IT IS THE OPPOSITION PARTY THAT ACTUALLY RULES | 1998-12-26
Whitaker's Law on Real Electoral Power
If you want to see your politicians in good jobs, you win the elections.
If you want to determine your country's political future, you lose elections, but you do it in the right way.
In other words, political experts concentrate on winning the next election while patriots concentrate on moving the country in the right direction, regardless of what that means for the next election.
You can either hold onto political office at any cost or you can have real, long-term political power. If you want to move the country left, you lose elections by being just a little too far to the left. If you want to move the country to the right, you lose elections by being too far to the right. You keep ahead of the curve, and force politics in your direction.
The party in power is mainly interested in holding onto offices for its members. The party that holds the offices will do anything to keep those offices. That means it will adjust to the direction you set if you are willing to sacrifice this election for long-term power.

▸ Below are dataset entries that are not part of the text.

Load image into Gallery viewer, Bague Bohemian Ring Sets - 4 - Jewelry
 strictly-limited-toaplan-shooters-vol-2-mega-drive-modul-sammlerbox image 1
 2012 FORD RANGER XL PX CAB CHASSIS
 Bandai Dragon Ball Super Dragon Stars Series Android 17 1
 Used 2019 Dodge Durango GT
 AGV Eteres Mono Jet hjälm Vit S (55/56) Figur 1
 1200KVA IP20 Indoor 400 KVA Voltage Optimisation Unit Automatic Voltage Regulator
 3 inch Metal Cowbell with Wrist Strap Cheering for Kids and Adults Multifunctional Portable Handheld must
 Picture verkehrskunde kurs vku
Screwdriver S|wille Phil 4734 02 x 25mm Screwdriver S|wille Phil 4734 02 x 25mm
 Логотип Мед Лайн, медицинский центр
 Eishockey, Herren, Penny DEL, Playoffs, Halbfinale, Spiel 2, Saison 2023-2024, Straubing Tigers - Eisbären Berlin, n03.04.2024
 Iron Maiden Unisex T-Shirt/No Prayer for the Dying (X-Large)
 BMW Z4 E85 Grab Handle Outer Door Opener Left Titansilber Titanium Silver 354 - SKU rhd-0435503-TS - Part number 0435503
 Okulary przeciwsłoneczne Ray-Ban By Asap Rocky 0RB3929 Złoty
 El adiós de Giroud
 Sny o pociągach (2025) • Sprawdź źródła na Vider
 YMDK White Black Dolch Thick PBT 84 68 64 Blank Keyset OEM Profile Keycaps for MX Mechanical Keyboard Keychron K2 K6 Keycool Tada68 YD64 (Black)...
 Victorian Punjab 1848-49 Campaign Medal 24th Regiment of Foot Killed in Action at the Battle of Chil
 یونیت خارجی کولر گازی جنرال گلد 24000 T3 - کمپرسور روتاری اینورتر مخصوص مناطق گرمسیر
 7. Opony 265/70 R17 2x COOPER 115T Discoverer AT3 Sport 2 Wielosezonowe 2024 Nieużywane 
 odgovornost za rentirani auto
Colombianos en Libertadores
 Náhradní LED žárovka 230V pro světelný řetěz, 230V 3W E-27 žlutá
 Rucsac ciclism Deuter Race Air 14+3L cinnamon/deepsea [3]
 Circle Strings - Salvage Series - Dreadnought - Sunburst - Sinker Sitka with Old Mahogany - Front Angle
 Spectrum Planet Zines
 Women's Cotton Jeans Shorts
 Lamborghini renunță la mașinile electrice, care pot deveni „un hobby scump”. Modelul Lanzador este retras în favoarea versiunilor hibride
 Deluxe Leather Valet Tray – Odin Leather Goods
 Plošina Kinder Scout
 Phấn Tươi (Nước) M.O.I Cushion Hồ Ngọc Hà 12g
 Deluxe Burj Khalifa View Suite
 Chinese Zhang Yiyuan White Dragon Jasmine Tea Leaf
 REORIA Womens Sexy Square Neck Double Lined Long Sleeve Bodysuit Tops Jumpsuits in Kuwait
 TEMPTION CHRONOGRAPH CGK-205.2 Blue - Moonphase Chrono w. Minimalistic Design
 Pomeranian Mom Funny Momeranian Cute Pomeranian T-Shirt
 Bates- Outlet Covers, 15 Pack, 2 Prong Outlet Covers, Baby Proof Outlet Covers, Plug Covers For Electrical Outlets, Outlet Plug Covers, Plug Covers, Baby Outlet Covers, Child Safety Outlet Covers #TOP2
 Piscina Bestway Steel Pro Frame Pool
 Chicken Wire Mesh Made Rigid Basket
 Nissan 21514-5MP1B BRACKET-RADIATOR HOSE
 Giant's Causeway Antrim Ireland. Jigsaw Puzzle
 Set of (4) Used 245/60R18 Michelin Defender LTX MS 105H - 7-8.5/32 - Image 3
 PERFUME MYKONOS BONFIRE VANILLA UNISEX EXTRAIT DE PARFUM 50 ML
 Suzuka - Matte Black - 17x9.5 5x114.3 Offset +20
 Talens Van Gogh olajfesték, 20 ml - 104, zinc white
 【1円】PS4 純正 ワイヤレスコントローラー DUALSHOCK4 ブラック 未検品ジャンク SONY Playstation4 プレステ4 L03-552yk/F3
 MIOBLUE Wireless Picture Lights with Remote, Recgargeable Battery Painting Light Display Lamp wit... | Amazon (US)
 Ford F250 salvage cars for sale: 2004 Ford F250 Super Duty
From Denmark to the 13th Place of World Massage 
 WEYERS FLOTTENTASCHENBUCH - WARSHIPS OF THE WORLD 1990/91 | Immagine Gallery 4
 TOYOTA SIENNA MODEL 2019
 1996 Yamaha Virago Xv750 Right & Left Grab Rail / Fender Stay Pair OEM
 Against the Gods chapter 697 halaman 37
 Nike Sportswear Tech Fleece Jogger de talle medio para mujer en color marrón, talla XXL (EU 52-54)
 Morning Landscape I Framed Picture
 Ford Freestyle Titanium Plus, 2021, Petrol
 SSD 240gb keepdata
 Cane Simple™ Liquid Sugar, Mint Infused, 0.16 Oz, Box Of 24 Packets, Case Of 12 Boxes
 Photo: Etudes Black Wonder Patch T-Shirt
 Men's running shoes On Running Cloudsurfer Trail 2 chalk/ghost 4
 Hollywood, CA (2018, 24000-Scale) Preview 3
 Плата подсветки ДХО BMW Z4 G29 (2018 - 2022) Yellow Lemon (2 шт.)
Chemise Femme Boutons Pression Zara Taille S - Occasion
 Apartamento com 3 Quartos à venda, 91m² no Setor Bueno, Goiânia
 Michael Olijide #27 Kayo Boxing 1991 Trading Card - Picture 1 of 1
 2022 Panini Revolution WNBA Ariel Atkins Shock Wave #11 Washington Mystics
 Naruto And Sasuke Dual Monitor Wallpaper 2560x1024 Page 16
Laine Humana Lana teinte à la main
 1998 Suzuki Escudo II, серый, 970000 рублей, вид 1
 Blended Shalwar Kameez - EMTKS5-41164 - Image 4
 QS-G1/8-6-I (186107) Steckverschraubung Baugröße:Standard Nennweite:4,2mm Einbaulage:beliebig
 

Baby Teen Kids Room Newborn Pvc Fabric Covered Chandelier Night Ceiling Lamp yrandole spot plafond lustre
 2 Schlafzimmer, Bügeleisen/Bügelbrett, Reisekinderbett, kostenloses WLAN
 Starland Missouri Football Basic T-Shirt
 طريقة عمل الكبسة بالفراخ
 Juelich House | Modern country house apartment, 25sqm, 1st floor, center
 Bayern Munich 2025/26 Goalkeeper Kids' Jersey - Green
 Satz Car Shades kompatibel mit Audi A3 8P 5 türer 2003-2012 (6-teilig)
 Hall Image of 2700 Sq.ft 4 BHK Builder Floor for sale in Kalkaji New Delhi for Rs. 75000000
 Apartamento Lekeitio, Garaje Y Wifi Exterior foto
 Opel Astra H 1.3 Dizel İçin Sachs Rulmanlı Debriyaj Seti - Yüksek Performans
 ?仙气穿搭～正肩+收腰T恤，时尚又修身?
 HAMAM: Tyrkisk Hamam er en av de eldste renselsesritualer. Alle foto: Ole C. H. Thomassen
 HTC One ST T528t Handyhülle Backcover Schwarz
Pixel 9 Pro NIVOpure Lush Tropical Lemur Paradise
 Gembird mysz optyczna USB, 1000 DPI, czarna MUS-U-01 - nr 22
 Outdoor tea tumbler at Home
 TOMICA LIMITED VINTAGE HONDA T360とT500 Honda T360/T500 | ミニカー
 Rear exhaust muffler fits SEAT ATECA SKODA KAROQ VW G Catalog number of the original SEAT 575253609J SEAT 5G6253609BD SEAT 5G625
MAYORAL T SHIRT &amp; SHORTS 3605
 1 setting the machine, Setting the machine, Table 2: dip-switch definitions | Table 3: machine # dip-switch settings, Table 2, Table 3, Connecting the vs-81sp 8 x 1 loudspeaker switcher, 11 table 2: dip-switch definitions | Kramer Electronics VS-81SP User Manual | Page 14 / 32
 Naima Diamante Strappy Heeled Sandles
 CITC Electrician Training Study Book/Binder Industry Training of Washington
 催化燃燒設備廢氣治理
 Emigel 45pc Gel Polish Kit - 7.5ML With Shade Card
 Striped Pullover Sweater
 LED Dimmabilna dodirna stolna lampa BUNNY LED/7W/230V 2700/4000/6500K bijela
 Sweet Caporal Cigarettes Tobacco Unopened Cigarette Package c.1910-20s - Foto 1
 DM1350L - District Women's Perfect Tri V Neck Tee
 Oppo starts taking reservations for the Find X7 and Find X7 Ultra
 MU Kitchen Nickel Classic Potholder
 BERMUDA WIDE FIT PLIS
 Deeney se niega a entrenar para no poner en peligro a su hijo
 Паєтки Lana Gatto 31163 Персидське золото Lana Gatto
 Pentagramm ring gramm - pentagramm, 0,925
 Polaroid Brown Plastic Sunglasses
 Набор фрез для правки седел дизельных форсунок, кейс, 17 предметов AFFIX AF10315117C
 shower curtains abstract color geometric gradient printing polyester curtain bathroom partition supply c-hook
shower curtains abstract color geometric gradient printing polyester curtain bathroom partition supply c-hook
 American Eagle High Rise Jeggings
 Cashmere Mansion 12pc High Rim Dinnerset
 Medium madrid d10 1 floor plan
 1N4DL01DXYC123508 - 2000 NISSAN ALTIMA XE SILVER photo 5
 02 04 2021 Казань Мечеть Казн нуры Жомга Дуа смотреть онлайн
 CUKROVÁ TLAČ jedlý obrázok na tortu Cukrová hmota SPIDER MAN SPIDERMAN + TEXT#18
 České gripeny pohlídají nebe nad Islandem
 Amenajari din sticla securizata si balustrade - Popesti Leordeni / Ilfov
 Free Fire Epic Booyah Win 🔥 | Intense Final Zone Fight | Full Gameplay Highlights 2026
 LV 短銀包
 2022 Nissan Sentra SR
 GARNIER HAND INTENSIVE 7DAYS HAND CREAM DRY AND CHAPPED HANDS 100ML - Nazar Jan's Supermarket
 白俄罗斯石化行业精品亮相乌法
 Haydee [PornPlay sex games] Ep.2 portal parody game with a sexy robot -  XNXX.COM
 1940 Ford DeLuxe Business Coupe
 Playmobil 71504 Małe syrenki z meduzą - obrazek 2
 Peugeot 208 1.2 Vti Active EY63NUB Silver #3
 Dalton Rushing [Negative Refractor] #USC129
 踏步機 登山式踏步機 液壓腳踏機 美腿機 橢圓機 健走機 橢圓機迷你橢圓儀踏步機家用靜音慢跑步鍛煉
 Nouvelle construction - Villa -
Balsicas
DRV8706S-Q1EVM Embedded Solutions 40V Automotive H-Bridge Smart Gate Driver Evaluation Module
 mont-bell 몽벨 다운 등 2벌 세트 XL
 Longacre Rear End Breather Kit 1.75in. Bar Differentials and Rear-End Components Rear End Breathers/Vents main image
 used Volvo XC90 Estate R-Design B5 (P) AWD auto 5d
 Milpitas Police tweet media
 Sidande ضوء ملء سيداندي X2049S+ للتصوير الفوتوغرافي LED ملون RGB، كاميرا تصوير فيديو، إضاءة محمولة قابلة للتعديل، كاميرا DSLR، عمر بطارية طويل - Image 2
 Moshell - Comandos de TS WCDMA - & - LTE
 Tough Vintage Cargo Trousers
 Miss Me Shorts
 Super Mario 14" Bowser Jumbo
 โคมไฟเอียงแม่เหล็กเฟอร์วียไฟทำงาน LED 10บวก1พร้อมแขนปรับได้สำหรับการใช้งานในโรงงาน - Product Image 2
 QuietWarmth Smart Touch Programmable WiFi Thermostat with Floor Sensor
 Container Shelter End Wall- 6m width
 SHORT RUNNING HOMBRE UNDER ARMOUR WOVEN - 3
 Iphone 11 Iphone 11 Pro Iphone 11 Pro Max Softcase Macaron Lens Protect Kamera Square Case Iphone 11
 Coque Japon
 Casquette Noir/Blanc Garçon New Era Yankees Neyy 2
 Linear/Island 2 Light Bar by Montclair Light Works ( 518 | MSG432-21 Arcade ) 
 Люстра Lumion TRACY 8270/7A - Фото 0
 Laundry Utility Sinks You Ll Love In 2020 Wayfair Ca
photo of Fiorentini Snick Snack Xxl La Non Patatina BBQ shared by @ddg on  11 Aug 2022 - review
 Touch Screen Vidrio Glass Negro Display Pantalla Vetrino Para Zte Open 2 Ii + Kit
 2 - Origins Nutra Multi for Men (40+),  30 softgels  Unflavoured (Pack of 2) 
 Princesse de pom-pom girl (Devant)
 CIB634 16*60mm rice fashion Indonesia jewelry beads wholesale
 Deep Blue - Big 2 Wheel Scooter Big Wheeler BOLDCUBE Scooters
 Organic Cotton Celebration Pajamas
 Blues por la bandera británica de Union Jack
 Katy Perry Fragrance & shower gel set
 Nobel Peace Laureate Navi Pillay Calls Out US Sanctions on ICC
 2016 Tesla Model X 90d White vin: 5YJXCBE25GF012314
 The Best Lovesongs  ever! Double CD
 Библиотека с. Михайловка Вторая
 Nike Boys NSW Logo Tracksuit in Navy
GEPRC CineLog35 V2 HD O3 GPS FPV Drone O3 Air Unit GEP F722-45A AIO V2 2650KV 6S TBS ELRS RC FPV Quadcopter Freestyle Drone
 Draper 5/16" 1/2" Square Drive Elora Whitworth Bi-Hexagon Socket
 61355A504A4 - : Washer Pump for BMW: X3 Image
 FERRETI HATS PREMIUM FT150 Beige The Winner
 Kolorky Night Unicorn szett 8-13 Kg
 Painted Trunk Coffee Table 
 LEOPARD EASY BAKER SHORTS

We have a perfect example in today's congress, where the Republicans won, and are now only interested in holding onto their offices. The Republican majority has abandoned all their principles so they won't rock the boat and lose their offices in congress.
If you let the other side keep the majority, and force them in your direction, you can rule the national direction.
To cite one of many examples
The British Labour Party ruled Britain for decades after World War II, but it hardly ever won an election. The Conservative Party held office, but it drifted further and further to the left, so that it could stay in office against Labour.
Of course, if you are the only real opposition party, you are going to win sometimes. The Labour Party won once in 1945. So in 1947 the Conservative Party totally changed its platform to adjust to the Labour position in all important aspects.
In its desperation to regain the power it had held so long, the Conservative Party in 1947 dumped every single major principle it had stood for. It agreed to end the British Empire, to adopt ruinous taxation and to perpetuate the welfare state.
Even when it did win, the Labour Party was not that popular. It was simply the only opposition, and it would not back down. So the Conservatives held the offices and the Labour Party's principles ruled Britain.
Sounds like the U.S. congress today, doesn't it? Republicans hold the offices, and Democrats set the direction.
The Labour Party ruled Britain by ignoring opinion polls. Just how popular Labour was when it won can be judged by the fact that they never won twice in a row.
But you don't have to win to rule. Quite the opposite. George Wallace's 1968 American Party run changed the American political landscape permanently. I supported Wallace, then spent many years building the coalition which elected Reagan in 1980. I can attest that the real movement toward that coalition began in 1968. By getting only 13.8% of the national vote once, Wallace demonstrated the enormous potential of the Wallace Democrats who later became the Reagan Democrats.
In 1992, Perot's 19% showing in the general election actually brought something unheard of for decades -- a balanced budget -- back into American governmental policy. You simply cannot find any WINNING election in recent American politics which compares in importance to Wallace's and Perot's defeated efforts.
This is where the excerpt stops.